High level graphic summary of the problem space identified:

Deciding on granularity when translating to orchestrator DSL

  • A node within an orchestrator is typically an entire container.
  • There is often a significant conceptual mismatch between a single Kedro node and an orchestrator container node.
  • One needs to decide on what a "node" means in the orchestrator's environment i.e. the "granularity" of your nodes.
Expand detail

1:1 Mapping

This is where a single Kedro node is translated to a single orchestrator node.

  • Kedro encourages small, manageable nodes.
  • These nodes contain smaller logic units than typical orchestrator containers.
  • Distributing very small steps in orchestrators can lead to performance overhead. Consider running the pipeline in a single container mode (M:1 granularity) for efficiency.

Distributing each node also complicates the data flow between them:

  • When the pipeline is run locally non-persisted data is passed around as MemoryDatasets.
  • When each step runs in isolation, this feature is lost and most implementations require every step to be persisted. See this section for more details.

Currently, most deployment plugins use 1:1 mapping and hence are impacted by these drawbacks.

M:1 Mapping

This is where the whole Kedro pipeline is run as a single node on the target platform.

  • The main benefit is simplicity: One job goes to the orchestrator, executed on a single machine.

  • However, there are inefficiencies:

    1. Large setup: Setting up the single node to execute all tasks involves creating an environment, handling potentially conflicting requirements, and more.
    2. Limited parallelization: This approach often underutilizes available compute resources.

All dependencies need to be compatible in this configuration, see Requirements management in a Kedro project for more details.

M:N Mapping

This is where the full pipeline is divided into a set of sub-pipelines, that can be run separately. Today, there is no obvious way to do this.

This approach provides a middle ground between shortcomings of both the 1:1 and M:1 mappings:

  • Small node groups form large buckets of work that justify the overhead of creating an execution environment.
  • The orchestrator is free to schedule the sub-pipelines to be run in parallel / isolation.

Kedro is a fast, iterative development tool largely because the user is not required to think about execution contexts. This unmanaged complexity is why it is difficult to resolve this granularity mismatch in production contexts.

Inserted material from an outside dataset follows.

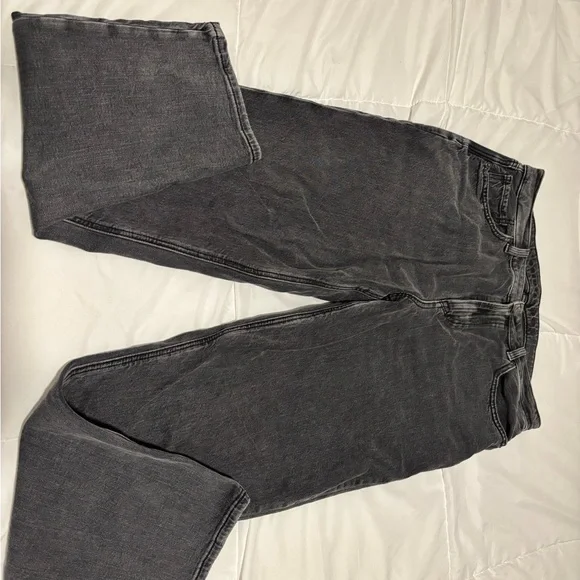 American Eagle Outfitters High Rise Jeans - Dark Gray - Picture 2 of 3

Piecemeal localised conventions for describing M:N granularity have emerged across mature users:

Convention Merits Drawbacks
Node tags Simple to use, CLI accessible,Applies across pipelines No bounded context, zero validation
Registered pipelines Simple to use, conceptually maps to sub-pipelines, CLI accessible No bounded context, zero validation
Pipeline namespaces Bounded context, CLI accessible, Visualisation integration Harder to use, confusing error messages, verbose catalog¹

Each of these has merits and drawbacks. In every case, the user is given no easy way to validate if these groups are mutually exclusive or collectively exhaustive.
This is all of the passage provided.